First of all, some specifications of the software I used to run the Deep Learning tools:

  • ArcGIS Pro 2.7.2 with an Advance License
  • Processor: Intel(R) Xeon(R) CPU E5-1650 v4 @ 3.60GHz
  • Installed RAM: 64GB
  • GPU: NVIDIA GeForce GTX 1070

According to the ESRI Deep Learning Frameworks It is possible to download an installer that will take care of including all the deep learning packages into the Python environment in ArcGIS Pro. However, this did not work properly, so I had to follow the instructions on their guide to clone the default environment for ArcGIS projects into a new deeplearning environment, and then install the libraries separately.

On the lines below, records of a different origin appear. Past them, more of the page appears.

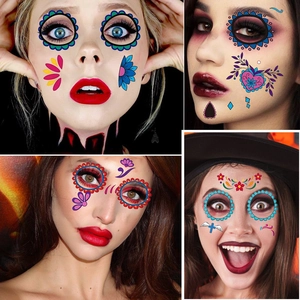 Halloween cartoon floral face tattoo stickers for parties and funny makeup looks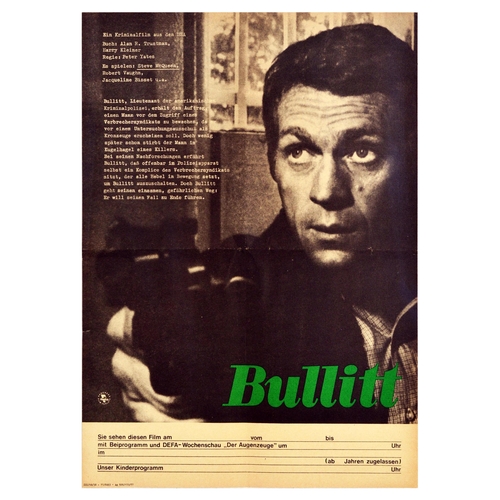 426 - Film Poster Bullitt Steve McQueen DDR Detective Action. Original vintage movie poster for Bullitt, a... 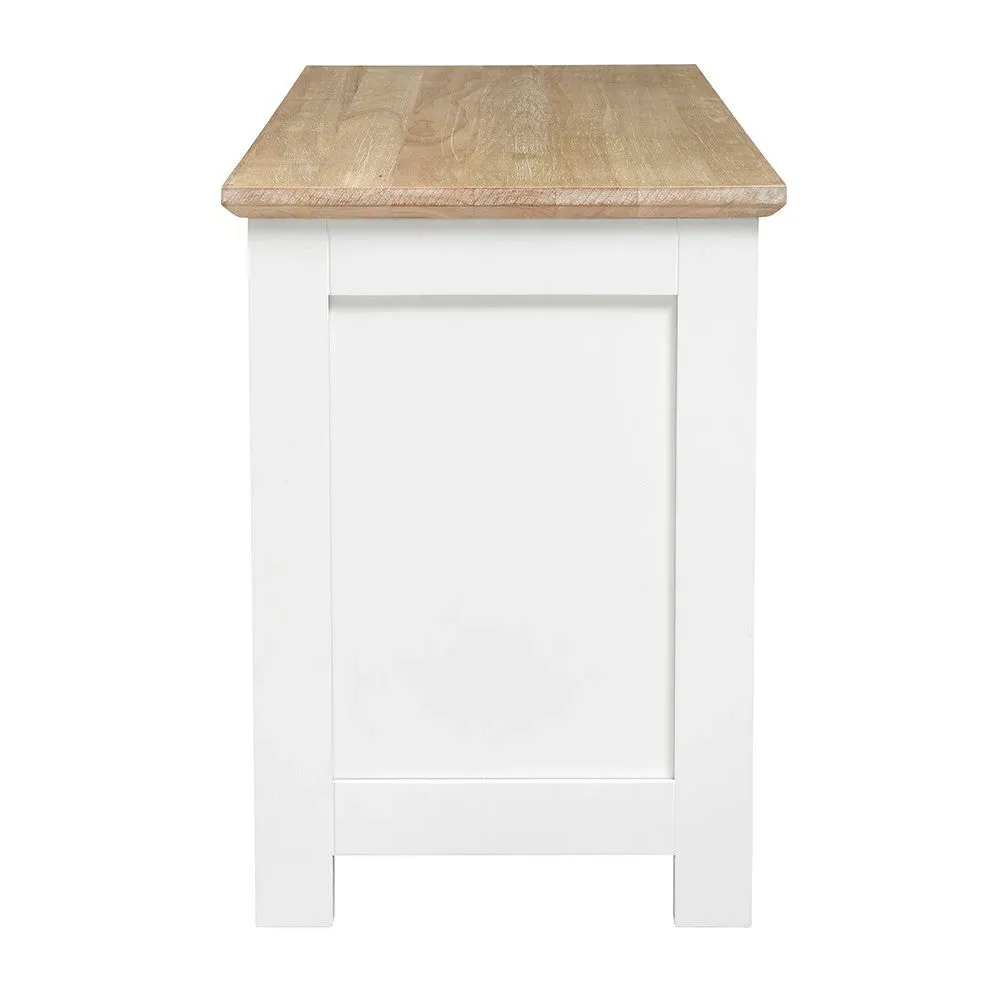 Pure White Shoe Bench - White, Hardwood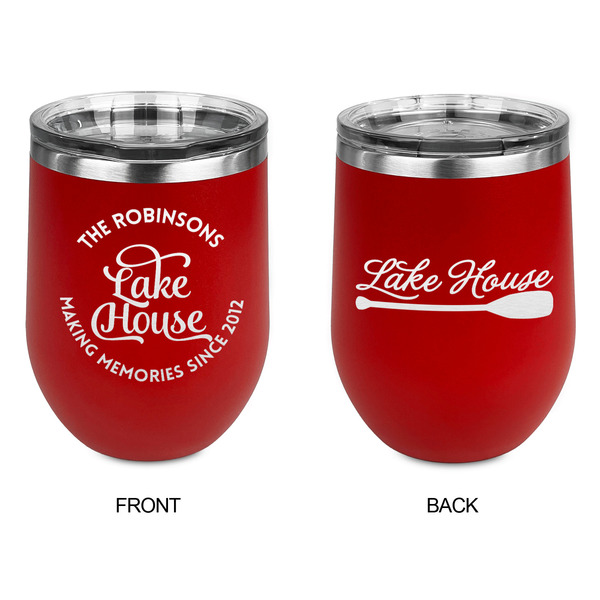 Lake House #2 Stainless Wine Tumblers - Red - Double Sided - Approval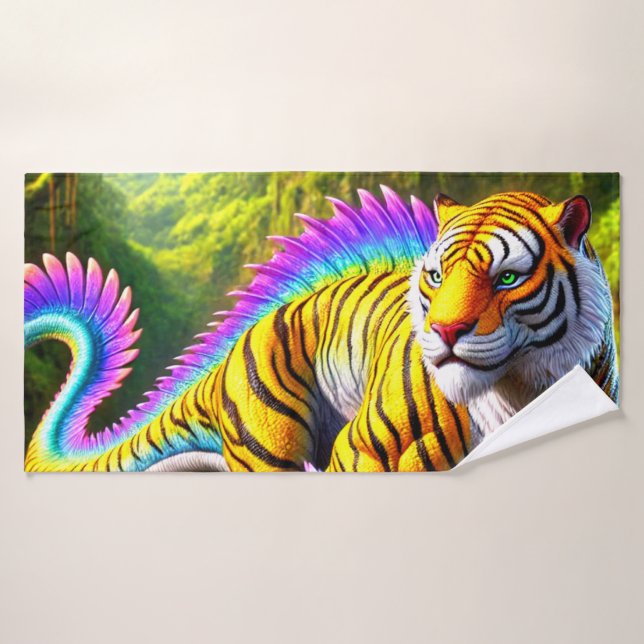 Tiger Dinosaur (Serviette de bain)
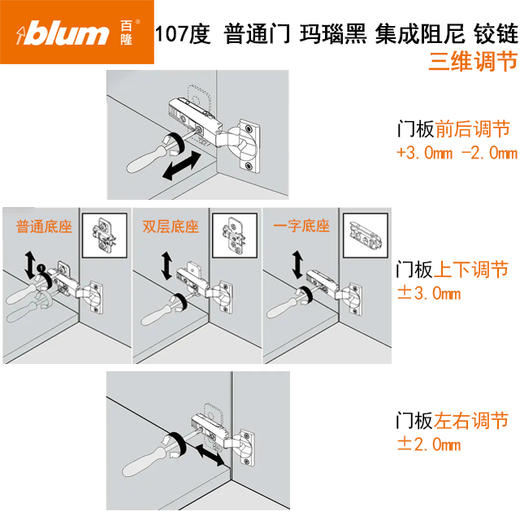【玛瑙黑】107°普通门集成阻尼铰链【适用于门板厚16-20mm，侧板厚18mm】（含标志盖，含底座）单位：只（即半付） 商品图8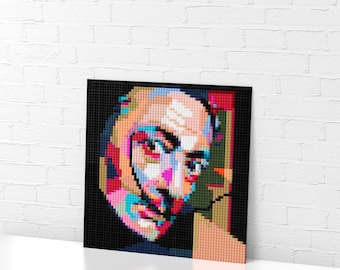 Salvador Dali Brick Mosaic Portrait/Bricks Jigsaw Mosaic/Custom Gift/Art/Pop Art Poster/Pixel Art/20x20 &quot;(51x51 cm)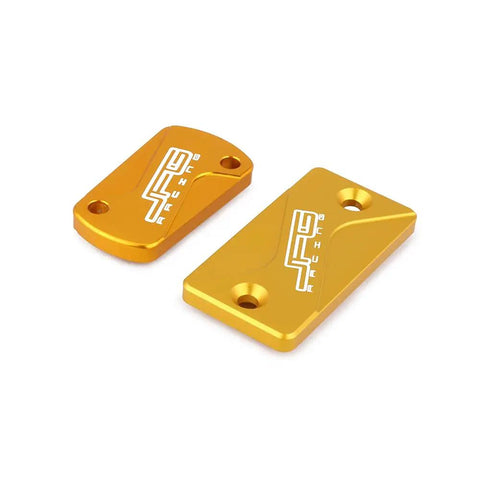 Premium 6061 T8 Aluminum Front And Rear Brake Fluid Reservoir Cover Cap Set For RM125 RM250 2001 2008 RMZ250 2007 2022 RMZ450 2005 2022 RMX450Z 2010 2017 Dirt Bike Gold Finish, showing two gold rectangular caps with brand logo
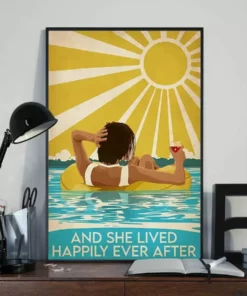 And She Lived Happily Ever After Swimming Short Brown Hair Girl Poster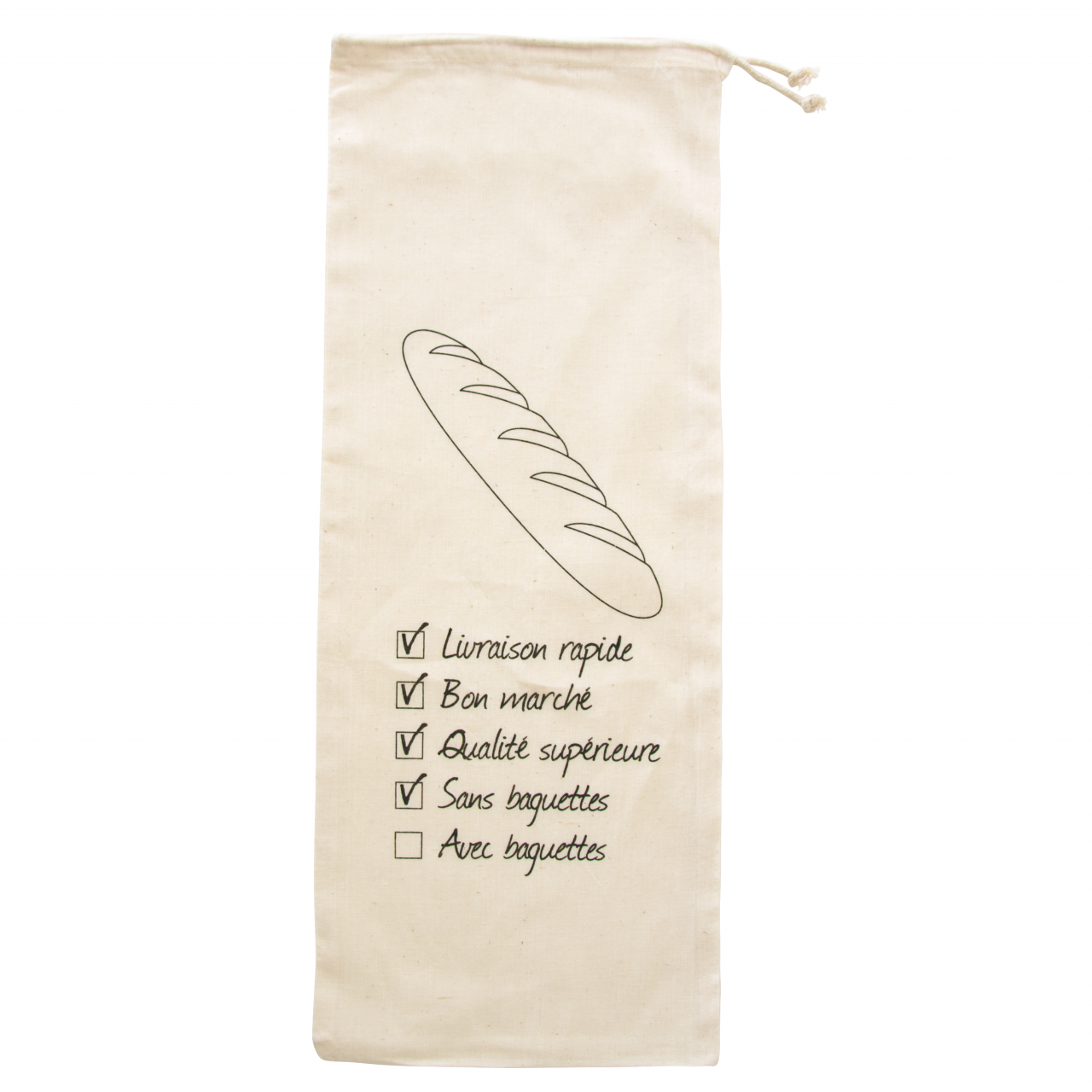 Baguette-Beutel aus Baumwolle naturfarben 120 gr / m2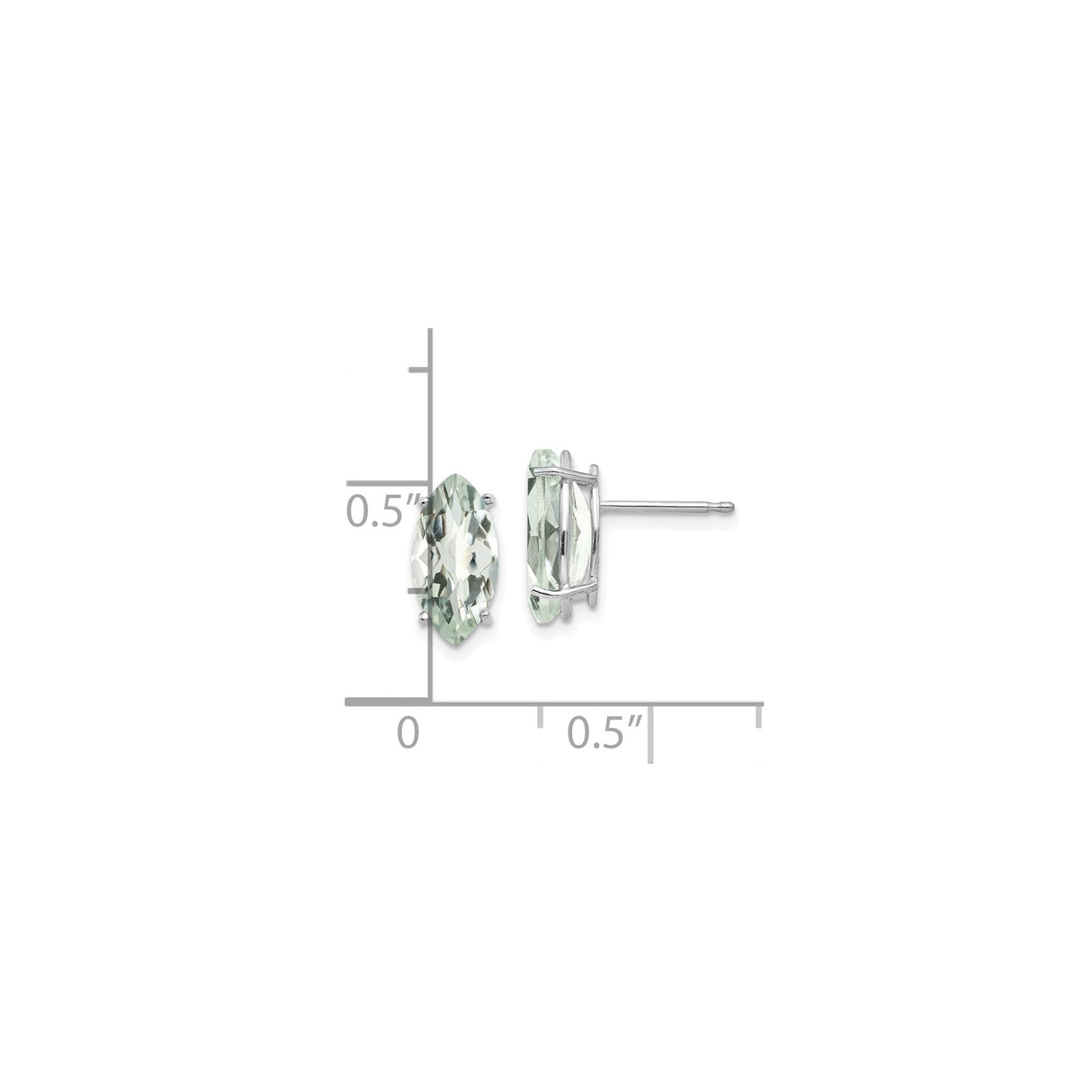 14k White Gold Marquise Cut Green Amethyst Stud Earrings, Minimalist Modern Design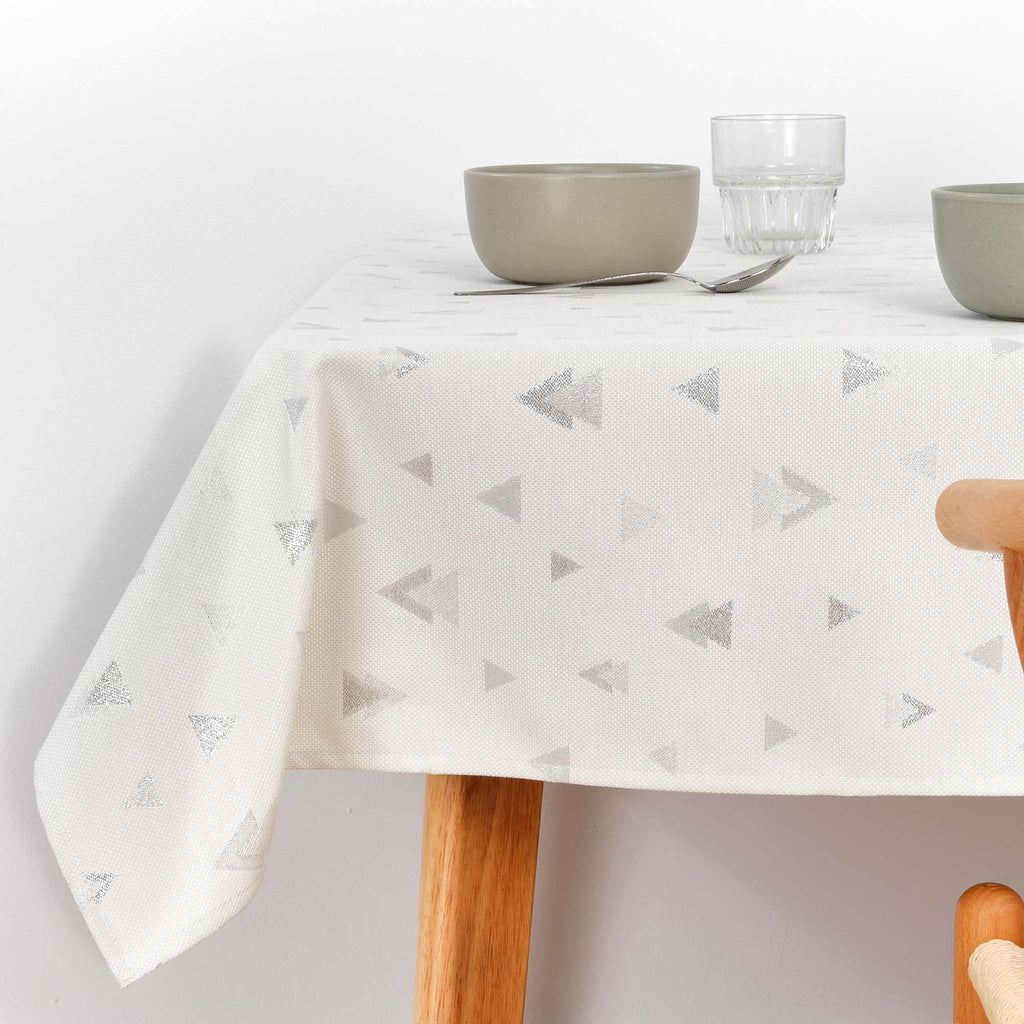 Mantel tacto tela jacquard Navidad Astroni Lurex R22120 Natural Plata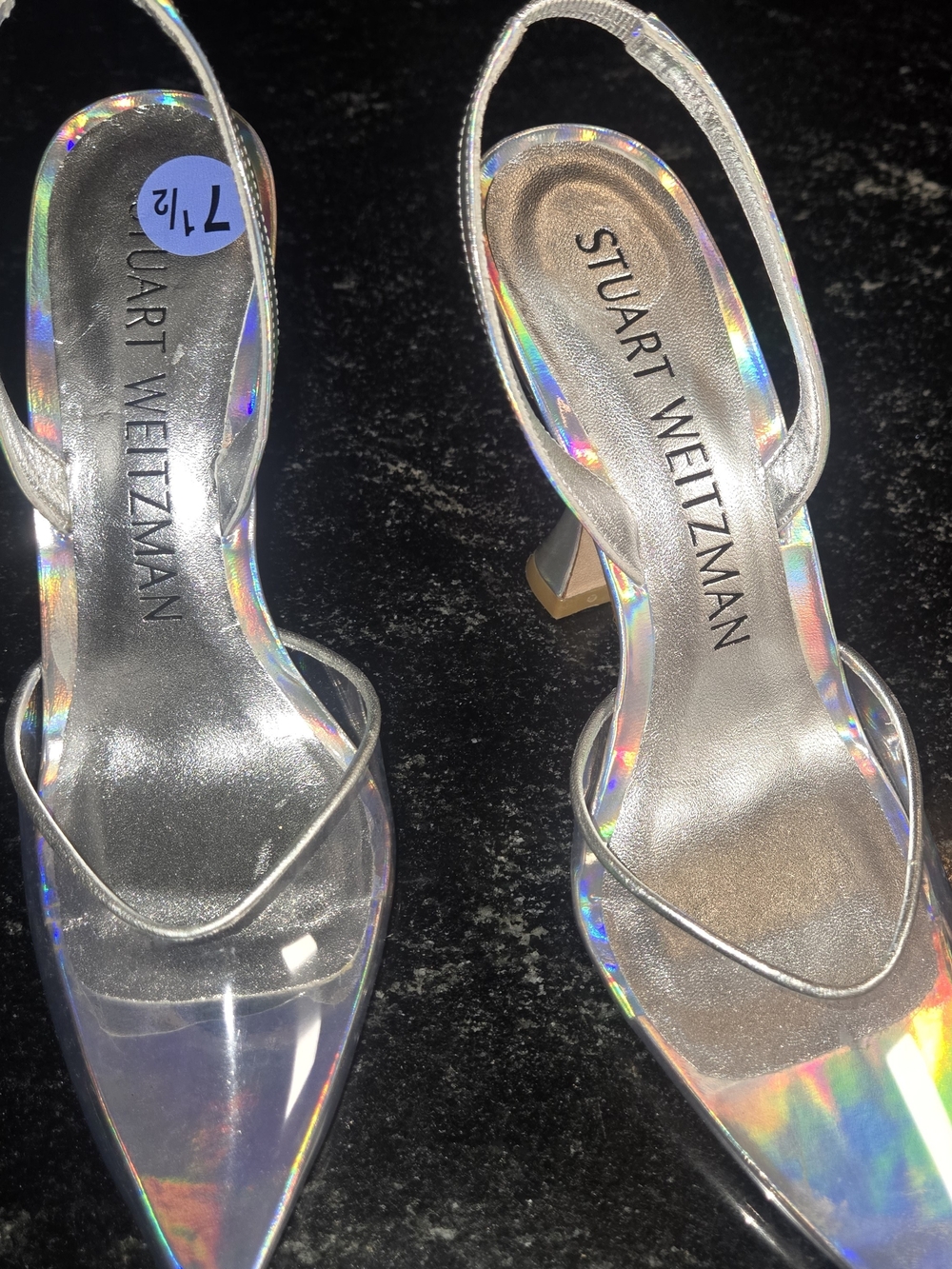 Stuart Weitzman Silver Holographic Slingback Pumps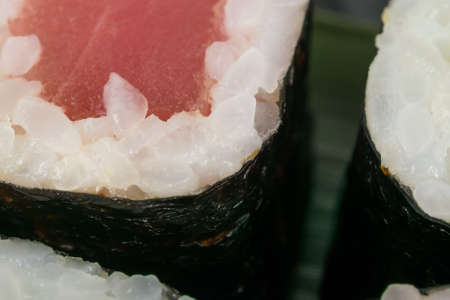 background close-up roll with tuna and riceの写真素材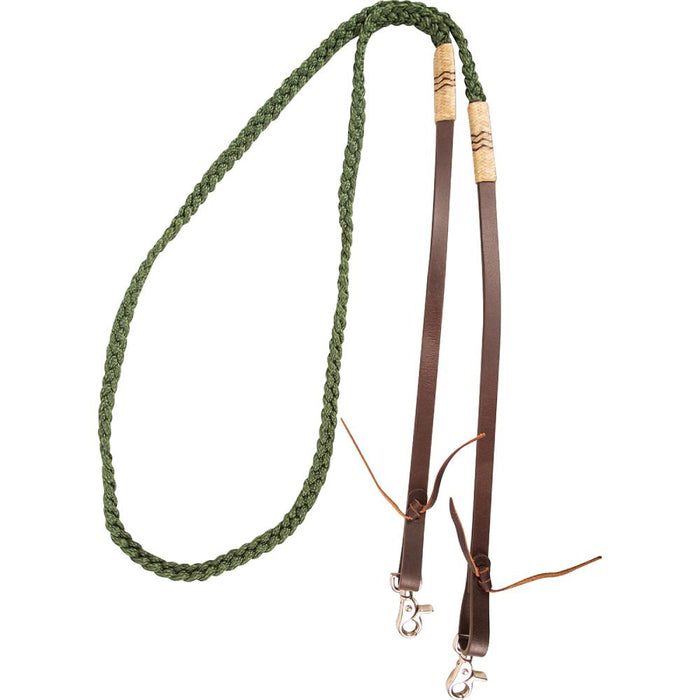 Cashel Adjustable Flat Braid Rein Tack - Reins Cashel Green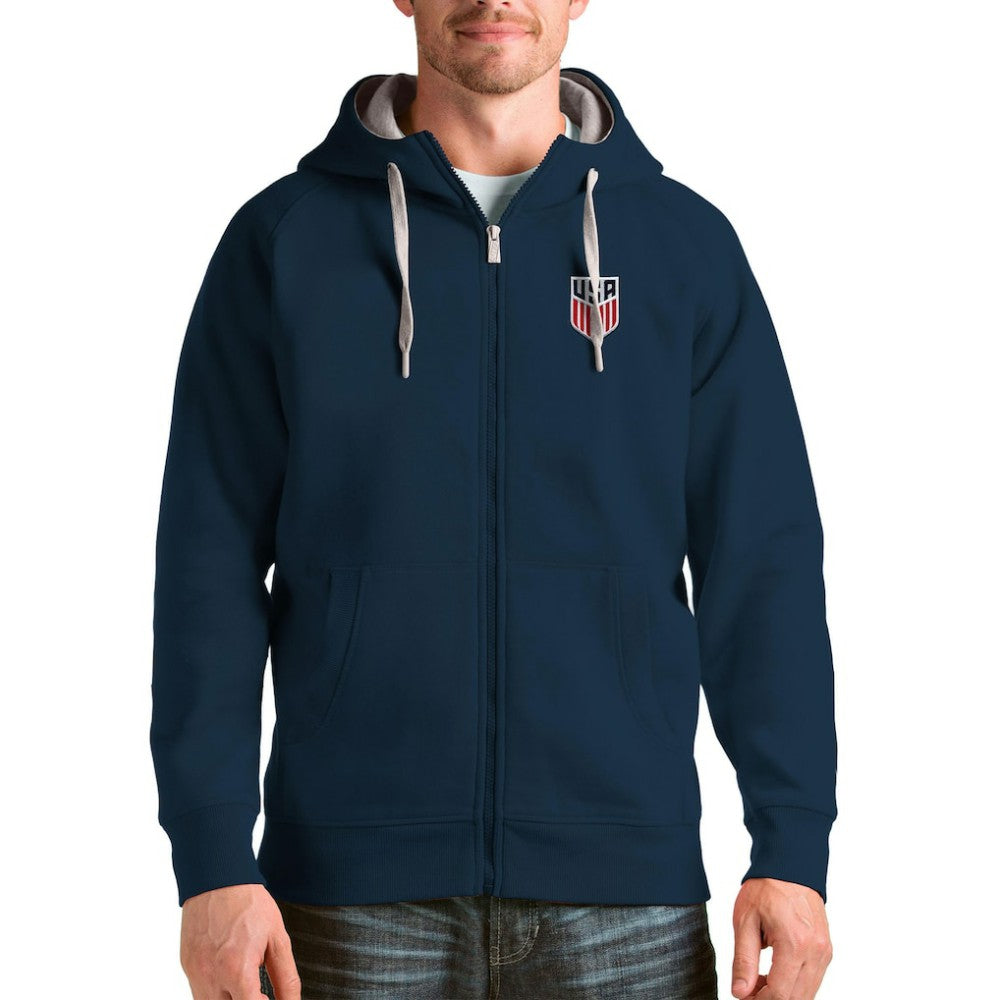 USMNT Antigua Victory Full-Zip Hoodie for sale - Navy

Workflow and pre-requisites

Workflow

In general to detect objects with Deep Learning, one would use the following combination of tools:

Figure 1: Deep Learning workflow for object detection in ArcGIS Pro

I found some limitations for each of these steps which I included in the next tabs. I refer to them as pre-requisites to successfully run a deep learning workflow in ArcGIS Pro based solely on my efforts. It might as well be that there are other ways to do this more efficiently that I am not aware of yet.

Export Training Data

This tool creates labelled chips that will be subsequently used to train models.

Tool screenshot
Export Training Data for Deep Learning Tool

Figure 2: Export Training Data for Deep Learning Tool


I decided to use Mask RCNN (details here), method and hence the decisions for the parameters required for this tool. I summarize the most important parameters below.

Parameter Description
Input raster A single band (any type) or a three band (8-bit, scaled, RGB channels) raster.
Input feature class Training polygons. They can be overlapping and differ in sizes.
Image format What output format should the chips have? I used TIFF.
Tile size How big should the tiles be? Larger tile sizes seem to avoid problems when using the subsequent tools.
Stride Overlap between tiles, should be smaller than the tile size. For no overlap tile = stride size.
Metadata Depends on the model to train. I use RCNN Masks.
Rotation angle For data augmentation, rotates the chips at certain angles to create more training samples. An angle of 90 will create 4x the number of samples.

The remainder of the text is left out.